[Exercise]
Give back exactly the lines of the material below, starting with the line with "Reformation Mason Pants" and going on through the line with "African American Santa".

[Available data]
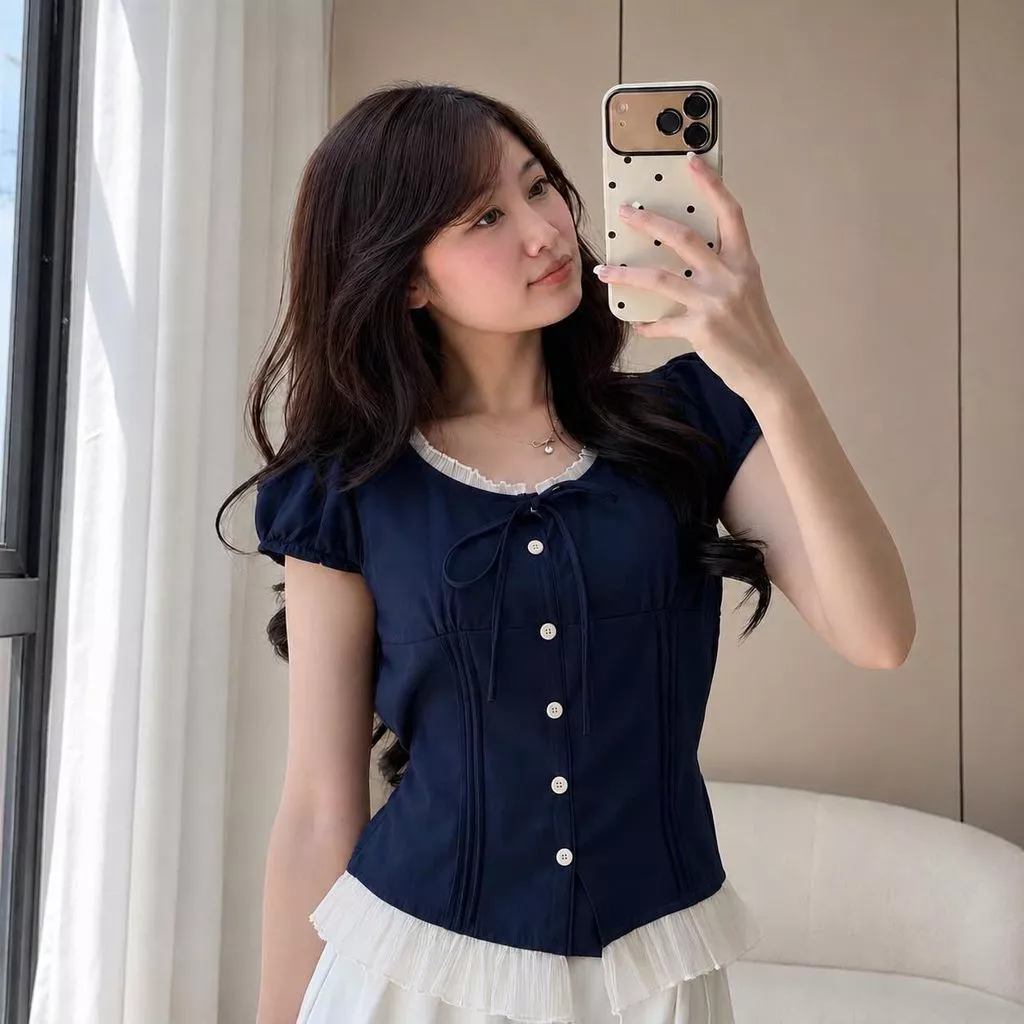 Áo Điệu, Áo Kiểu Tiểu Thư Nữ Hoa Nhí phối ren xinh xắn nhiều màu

* * *

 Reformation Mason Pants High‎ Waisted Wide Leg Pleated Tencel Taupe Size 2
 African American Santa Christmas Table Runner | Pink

[Answer box]
 Reformation Mason Pants High‎ Waisted Wide Leg Pleated Tencel Taupe Size 2
 African American Santa Christmas Table Runner | Pink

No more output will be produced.